ACTIVITY: Pictures aside, return all of the records exactly as they stand.

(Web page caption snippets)
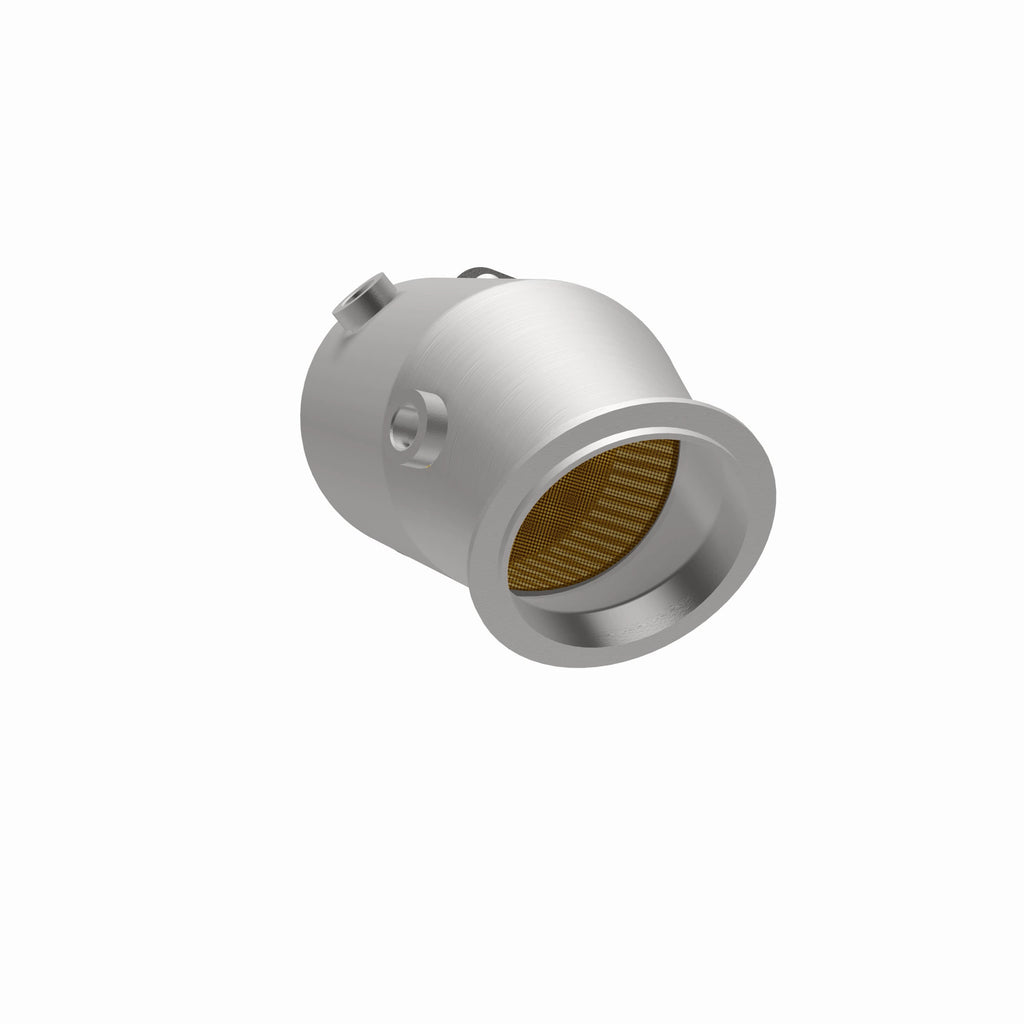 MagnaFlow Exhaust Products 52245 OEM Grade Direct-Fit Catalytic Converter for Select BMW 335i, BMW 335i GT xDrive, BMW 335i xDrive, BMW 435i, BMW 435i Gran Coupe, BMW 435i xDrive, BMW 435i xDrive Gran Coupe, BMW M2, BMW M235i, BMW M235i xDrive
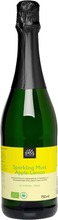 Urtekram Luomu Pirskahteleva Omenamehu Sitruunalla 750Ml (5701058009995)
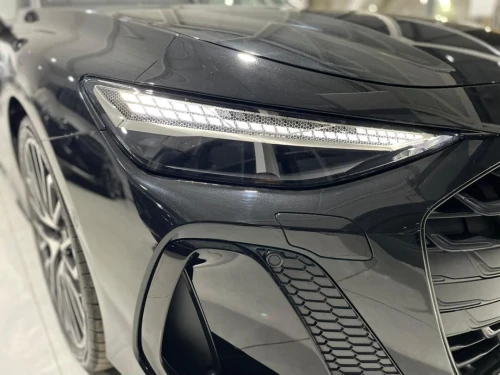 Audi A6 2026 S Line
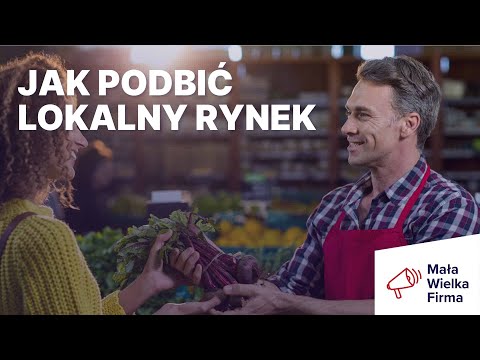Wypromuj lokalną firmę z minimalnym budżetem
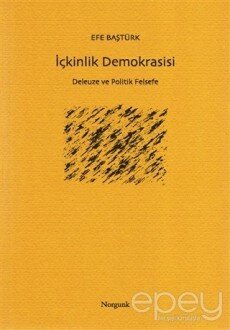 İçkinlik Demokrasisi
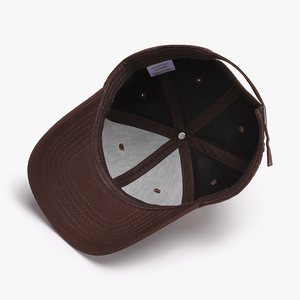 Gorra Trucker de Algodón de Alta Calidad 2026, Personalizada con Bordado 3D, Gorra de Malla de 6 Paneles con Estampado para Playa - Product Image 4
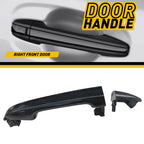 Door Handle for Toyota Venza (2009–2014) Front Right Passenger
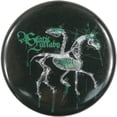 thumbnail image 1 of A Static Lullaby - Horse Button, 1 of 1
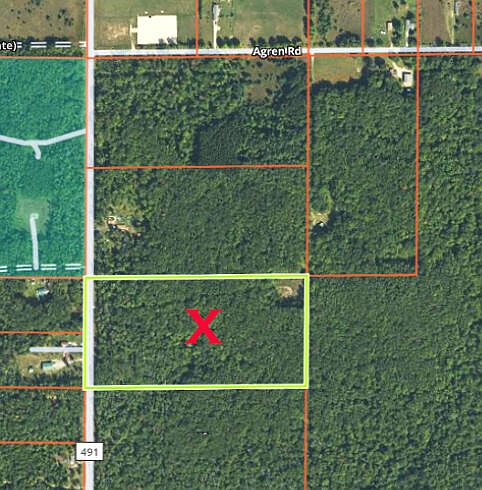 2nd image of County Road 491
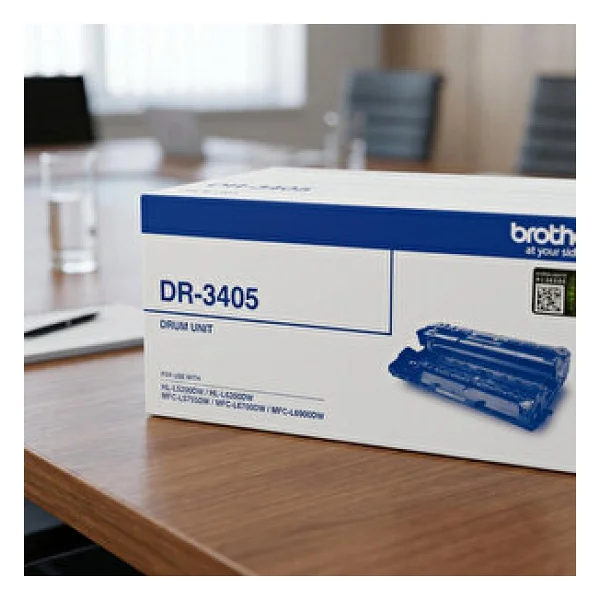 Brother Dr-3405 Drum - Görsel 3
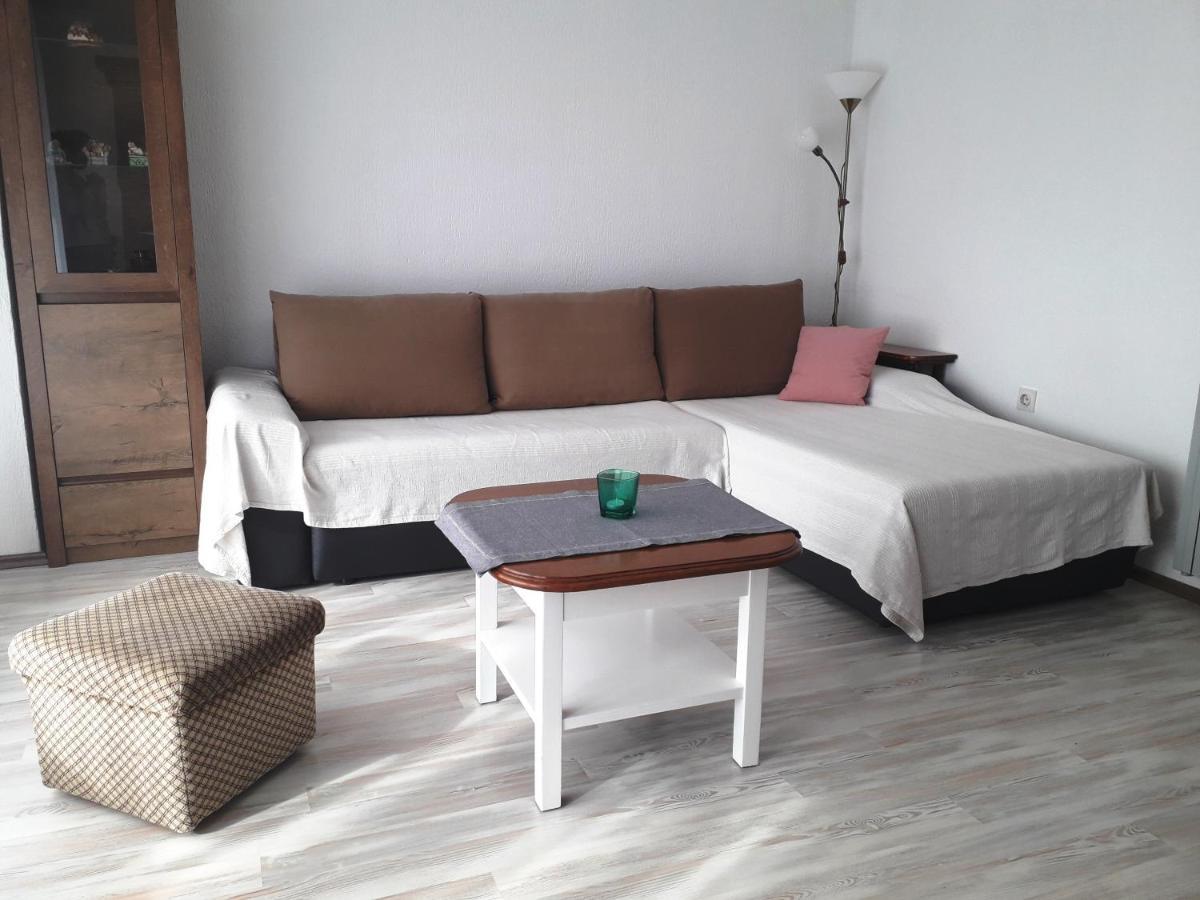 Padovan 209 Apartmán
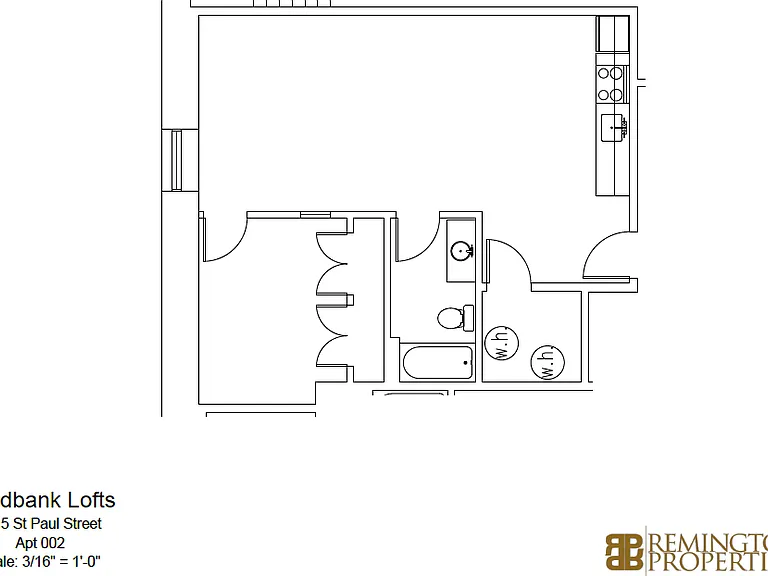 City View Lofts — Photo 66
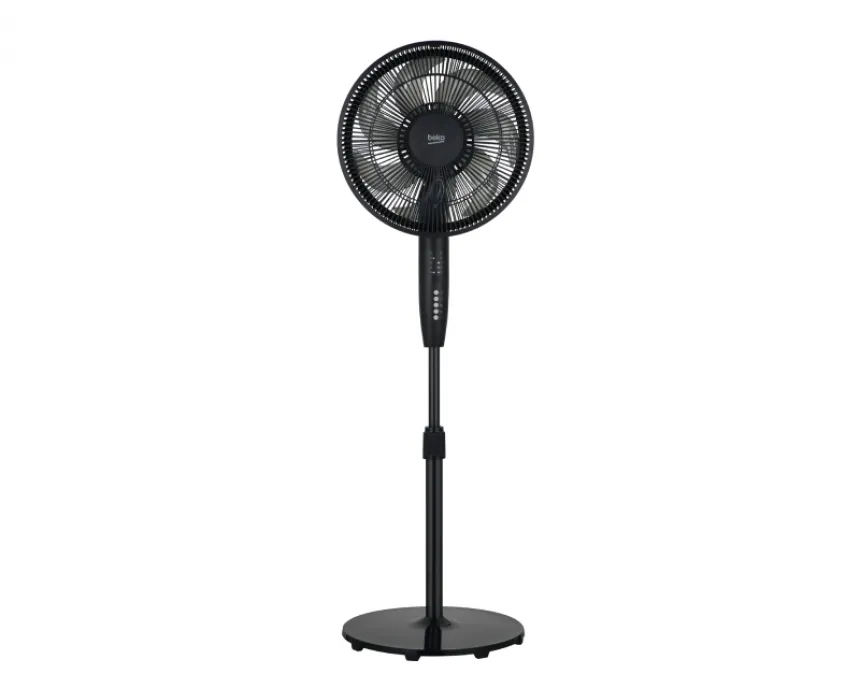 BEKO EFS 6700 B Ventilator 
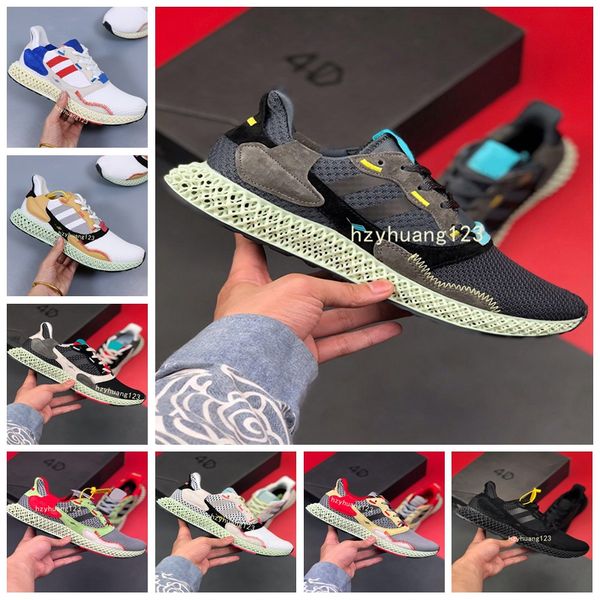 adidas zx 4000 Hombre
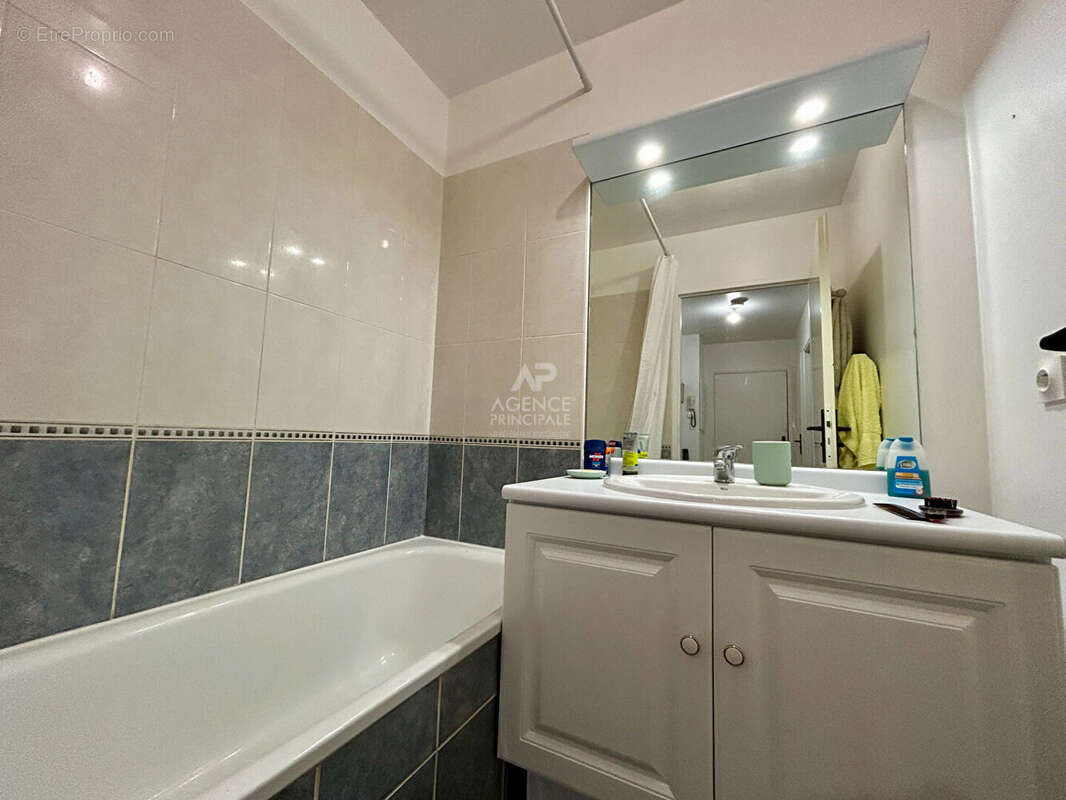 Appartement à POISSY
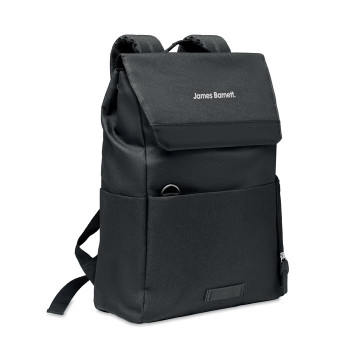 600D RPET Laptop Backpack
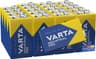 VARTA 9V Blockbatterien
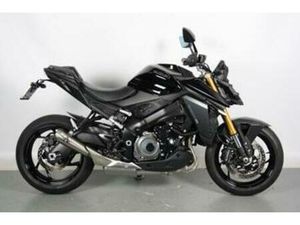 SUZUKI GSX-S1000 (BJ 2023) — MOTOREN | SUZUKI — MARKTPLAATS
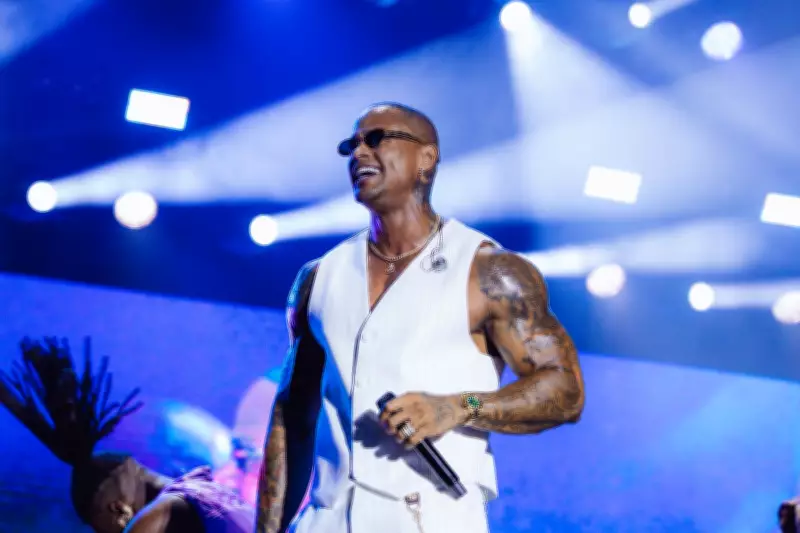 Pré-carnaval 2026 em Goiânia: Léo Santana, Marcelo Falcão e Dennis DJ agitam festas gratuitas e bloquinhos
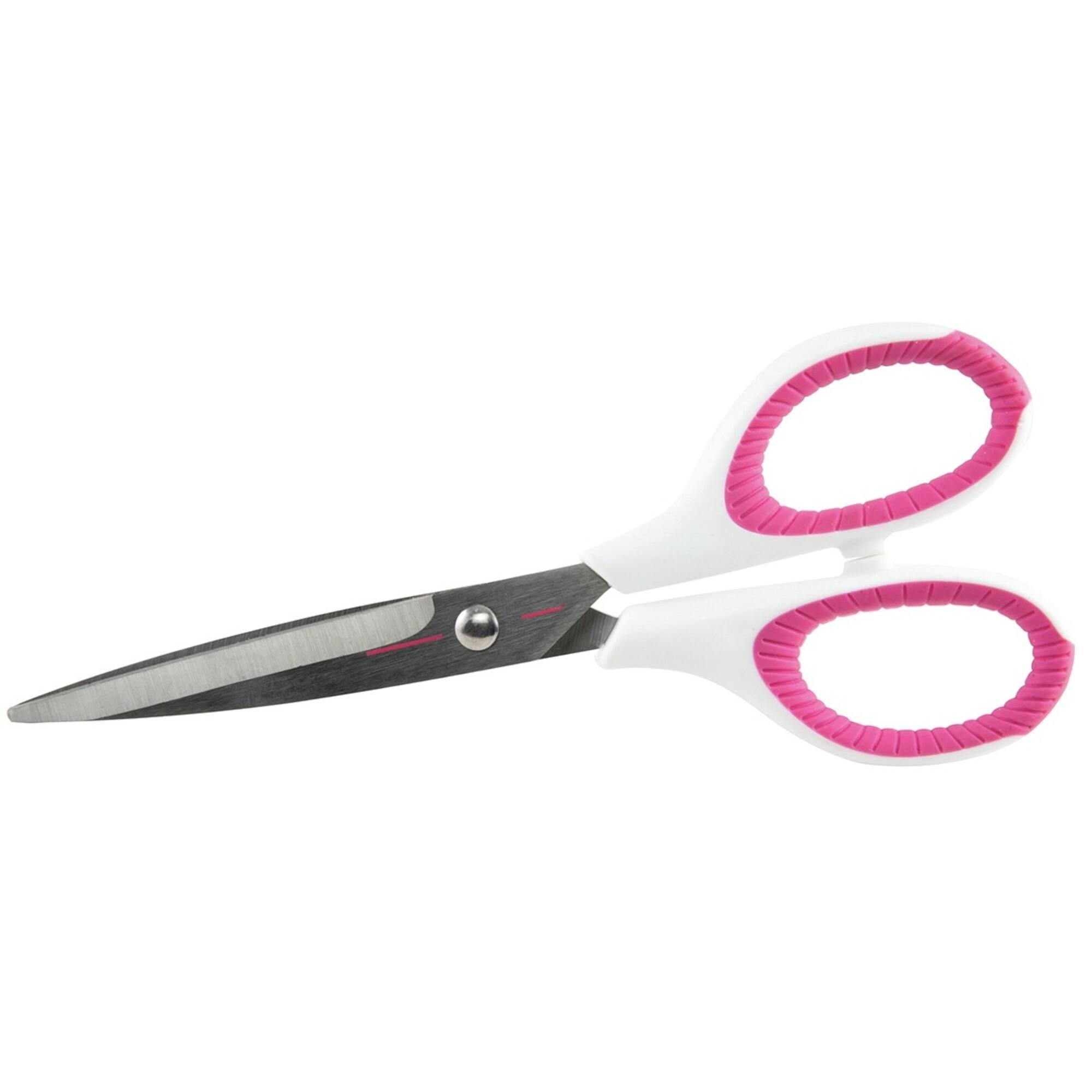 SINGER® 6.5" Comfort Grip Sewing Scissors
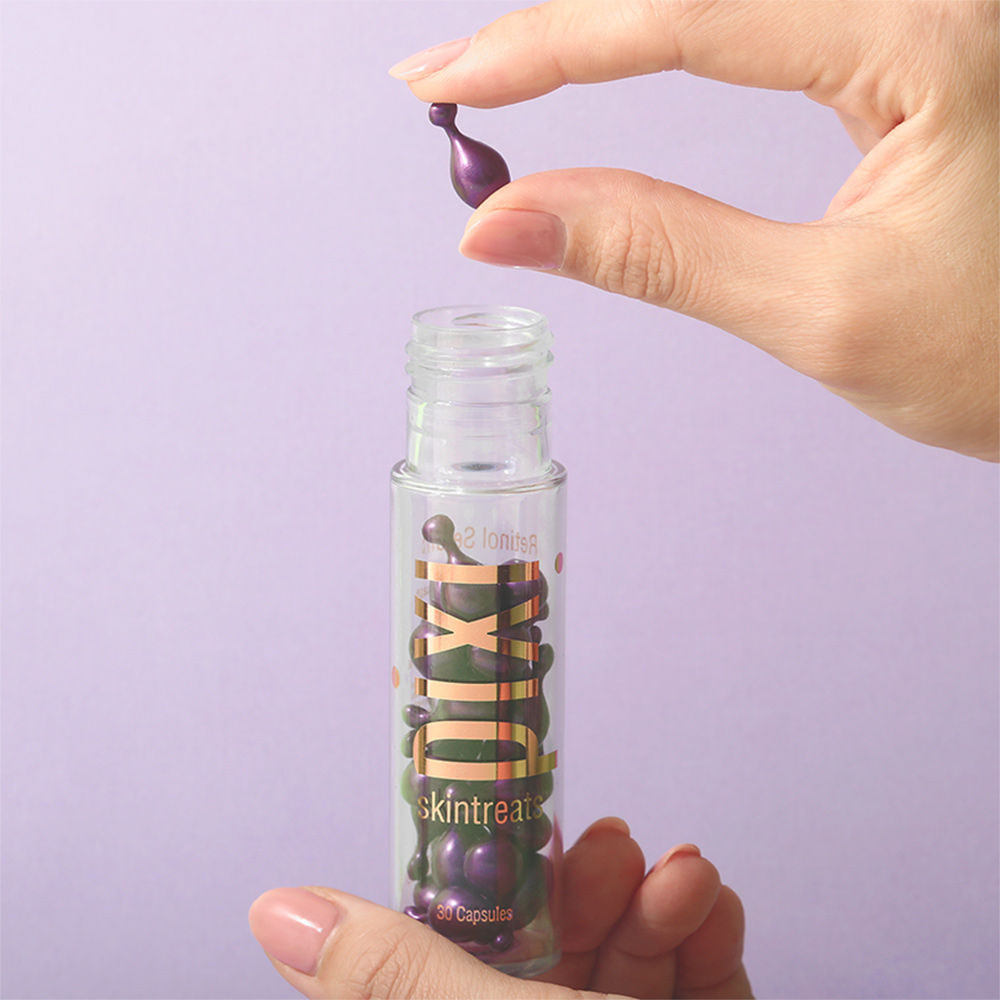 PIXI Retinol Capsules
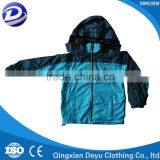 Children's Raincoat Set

SOLUTION TO THE PROBLEM:
 MagnaFlow Exhaust Products 52245 OEM Grade Direct-Fit Catalytic Converter for Select BMW 335i, BMW 335i GT xDrive, BMW 335i xDrive, BMW 435i, BMW 435i Gran Coupe, BMW 435i xDrive, BMW 435i xDrive Gran Coupe, BMW M2, BMW M235i, BMW M235i xDrive
 Urtekram Luomu Pirskahteleva Omenamehu Sitruunalla 750Ml (5701058009995)
 Audi A6 2026 S Line
Wypromuj lokalną firmę z minimalnym budżetem
 İçkinlik Demokrasisi
 Gorra Trucker de Algodón de Alta Calidad 2026, Personalizada con Bordado 3D, Gorra de Malla de 6 Paneles con Estampado para Playa - Product Image 4
 Door Handle for Toyota Venza (2009–2014) Front Right Passenger
 thumbnail image 1 of A Static Lullaby - Horse Button, 1 of 1
 2nd image of County Road 491
 Brother Dr-3405 Drum - Görsel 3
 Padovan 209 Apartmán
 City View Lofts — Photo 66
 BEKO EFS 6700 B Ventilator 
 adidas zx 4000 Hombre
 Appartement à POISSY
 600D RPET Laptop Backpack
 VARTA 9V Blockbatterien
 SUZUKI GSX-S1000 (BJ 2023) — MOTOREN | SUZUKI — MARKTPLAATS
 Pré-carnaval 2026 em Goiânia: Léo Santana, Marcelo Falcão e Dennis DJ agitam festas gratuitas e bloquinhos
 SINGER® 6.5" Comfort Grip Sewing Scissors
 PIXI Retinol Capsules
 Children's Raincoat Set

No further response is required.